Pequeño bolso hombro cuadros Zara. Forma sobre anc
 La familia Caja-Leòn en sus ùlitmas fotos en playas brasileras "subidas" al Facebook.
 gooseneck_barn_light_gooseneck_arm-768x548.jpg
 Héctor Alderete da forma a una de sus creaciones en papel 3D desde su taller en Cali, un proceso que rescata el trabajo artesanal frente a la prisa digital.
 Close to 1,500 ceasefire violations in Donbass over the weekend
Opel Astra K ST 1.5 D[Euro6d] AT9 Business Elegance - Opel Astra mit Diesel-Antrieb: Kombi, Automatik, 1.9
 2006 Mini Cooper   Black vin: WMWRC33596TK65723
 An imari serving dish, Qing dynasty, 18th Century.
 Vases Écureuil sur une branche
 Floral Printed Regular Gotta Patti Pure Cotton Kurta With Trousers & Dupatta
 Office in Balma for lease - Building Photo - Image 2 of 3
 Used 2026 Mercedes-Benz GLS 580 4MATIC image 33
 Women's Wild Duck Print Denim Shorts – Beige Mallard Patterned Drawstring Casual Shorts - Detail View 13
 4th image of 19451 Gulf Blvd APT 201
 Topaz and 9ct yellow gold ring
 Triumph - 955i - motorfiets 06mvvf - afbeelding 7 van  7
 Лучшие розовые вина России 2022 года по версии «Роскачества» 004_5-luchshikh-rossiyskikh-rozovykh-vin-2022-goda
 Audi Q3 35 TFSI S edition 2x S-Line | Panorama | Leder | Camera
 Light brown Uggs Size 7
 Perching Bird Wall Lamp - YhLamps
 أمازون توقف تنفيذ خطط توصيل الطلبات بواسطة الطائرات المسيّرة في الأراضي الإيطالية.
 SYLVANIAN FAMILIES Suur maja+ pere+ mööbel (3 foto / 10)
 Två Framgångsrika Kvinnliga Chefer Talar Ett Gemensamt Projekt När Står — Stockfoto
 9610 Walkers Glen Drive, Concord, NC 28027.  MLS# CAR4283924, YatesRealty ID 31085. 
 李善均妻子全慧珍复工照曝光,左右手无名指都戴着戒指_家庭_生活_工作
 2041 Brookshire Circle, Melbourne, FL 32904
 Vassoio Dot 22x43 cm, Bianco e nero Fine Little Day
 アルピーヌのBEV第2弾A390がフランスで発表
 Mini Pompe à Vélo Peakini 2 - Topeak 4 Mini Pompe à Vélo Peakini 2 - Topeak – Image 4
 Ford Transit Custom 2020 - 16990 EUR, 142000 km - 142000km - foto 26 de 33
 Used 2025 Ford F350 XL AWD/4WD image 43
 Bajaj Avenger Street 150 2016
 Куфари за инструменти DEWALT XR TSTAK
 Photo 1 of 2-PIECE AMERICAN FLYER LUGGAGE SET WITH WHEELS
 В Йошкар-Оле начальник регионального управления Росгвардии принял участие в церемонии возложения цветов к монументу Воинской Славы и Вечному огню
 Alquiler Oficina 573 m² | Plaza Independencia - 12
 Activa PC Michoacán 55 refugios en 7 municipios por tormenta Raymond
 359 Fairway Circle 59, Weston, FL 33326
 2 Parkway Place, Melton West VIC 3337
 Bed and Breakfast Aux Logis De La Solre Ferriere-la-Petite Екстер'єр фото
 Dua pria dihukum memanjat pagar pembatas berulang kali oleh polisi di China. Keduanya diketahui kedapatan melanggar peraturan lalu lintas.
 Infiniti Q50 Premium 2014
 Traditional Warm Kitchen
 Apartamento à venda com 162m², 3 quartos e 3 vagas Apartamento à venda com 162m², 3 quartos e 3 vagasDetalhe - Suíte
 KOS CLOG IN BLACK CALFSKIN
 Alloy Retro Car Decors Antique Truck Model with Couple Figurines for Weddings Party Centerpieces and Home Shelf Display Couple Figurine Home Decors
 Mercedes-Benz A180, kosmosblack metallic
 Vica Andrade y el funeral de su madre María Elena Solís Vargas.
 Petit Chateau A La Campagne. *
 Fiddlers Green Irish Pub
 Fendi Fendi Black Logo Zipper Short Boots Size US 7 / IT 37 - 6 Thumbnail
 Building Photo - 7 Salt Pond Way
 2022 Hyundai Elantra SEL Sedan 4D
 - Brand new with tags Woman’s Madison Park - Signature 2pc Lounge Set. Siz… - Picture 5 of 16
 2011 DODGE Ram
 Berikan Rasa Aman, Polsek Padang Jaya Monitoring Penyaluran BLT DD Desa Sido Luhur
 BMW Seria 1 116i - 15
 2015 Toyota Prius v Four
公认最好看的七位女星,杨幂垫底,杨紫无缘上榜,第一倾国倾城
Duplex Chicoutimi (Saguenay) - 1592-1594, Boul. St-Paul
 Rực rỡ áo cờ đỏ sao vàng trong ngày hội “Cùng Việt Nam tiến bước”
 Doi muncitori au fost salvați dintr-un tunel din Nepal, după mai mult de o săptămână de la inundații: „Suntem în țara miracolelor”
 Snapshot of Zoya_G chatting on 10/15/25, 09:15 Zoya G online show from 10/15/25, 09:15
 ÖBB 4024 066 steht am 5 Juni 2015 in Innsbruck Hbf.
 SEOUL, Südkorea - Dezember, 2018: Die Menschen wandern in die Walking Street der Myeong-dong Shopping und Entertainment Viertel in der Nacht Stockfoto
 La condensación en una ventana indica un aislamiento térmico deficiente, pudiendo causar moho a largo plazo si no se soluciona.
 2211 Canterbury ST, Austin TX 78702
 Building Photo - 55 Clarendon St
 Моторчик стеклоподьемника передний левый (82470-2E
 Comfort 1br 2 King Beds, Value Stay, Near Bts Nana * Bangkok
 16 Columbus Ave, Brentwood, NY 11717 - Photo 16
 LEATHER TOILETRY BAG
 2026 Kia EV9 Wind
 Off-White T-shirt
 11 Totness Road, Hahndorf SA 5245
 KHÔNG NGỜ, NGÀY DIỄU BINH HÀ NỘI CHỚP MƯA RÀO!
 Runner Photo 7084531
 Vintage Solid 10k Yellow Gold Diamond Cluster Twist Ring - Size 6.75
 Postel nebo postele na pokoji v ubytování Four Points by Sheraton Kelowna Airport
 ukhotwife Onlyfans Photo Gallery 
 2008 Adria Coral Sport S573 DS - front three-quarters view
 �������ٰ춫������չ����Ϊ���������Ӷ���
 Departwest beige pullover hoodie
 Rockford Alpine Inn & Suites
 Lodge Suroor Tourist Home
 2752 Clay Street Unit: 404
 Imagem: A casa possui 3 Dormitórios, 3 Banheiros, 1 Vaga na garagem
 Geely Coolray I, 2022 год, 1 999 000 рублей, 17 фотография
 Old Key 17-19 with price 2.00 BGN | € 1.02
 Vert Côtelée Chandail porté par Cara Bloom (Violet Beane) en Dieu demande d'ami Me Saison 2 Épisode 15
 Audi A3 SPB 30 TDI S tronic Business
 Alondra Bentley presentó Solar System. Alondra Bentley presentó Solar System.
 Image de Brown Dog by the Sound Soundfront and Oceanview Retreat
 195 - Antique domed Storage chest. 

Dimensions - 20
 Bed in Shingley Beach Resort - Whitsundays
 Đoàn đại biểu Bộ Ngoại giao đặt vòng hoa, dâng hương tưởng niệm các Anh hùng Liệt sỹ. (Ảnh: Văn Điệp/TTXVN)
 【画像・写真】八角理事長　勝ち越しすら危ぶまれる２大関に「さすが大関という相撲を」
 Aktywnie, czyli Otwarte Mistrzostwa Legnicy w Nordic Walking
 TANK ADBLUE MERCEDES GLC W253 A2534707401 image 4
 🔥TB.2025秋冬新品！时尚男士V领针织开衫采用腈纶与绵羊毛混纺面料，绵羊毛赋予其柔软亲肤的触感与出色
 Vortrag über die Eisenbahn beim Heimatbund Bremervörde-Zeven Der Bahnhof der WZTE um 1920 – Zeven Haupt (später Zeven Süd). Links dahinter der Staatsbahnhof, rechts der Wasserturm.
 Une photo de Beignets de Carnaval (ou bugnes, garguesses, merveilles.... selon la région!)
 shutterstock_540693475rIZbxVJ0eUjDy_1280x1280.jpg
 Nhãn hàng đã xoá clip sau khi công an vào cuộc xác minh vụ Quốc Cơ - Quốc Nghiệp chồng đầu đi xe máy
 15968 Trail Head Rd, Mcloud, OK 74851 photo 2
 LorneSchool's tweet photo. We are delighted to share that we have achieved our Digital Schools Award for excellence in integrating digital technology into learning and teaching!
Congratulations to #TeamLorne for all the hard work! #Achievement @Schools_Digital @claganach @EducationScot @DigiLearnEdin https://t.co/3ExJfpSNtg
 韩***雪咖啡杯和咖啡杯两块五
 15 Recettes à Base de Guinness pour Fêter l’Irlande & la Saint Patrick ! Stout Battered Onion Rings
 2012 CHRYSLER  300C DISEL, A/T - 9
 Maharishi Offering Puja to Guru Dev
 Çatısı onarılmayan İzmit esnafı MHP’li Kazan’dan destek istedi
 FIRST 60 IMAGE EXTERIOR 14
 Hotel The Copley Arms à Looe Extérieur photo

> **YOUR OBJECTIVE**:
Begin at the line containing "15968 Trail Head" and reproduce every line through the last one in the records above, exactly.

> **WRITTEN ANSWER**:
 15968 Trail Head Rd, Mcloud, OK 74851 photo 2
 LorneSchool's tweet photo. We are delighted to share that we have achieved our Digital Schools Award for excellence in integrating digital technology into learning and teaching!
Congratulations to #TeamLorne for all the hard work! #Achievement @Schools_Digital @claganach @EducationScot @DigiLearnEdin https://t.co/3ExJfpSNtg
 韩***雪咖啡杯和咖啡杯两块五
 15 Recettes à Base de Guinness pour Fêter l’Irlande & la Saint Patrick ! Stout Battered Onion Rings
 2012 CHRYSLER  300C DISEL, A/T - 9
 Maharishi Offering Puja to Guru Dev
 Çatısı onarılmayan İzmit esnafı MHP’li Kazan’dan destek istedi
 FIRST 60 IMAGE EXTERIOR 14
 Hotel The Copley Arms à Looe Extérieur photo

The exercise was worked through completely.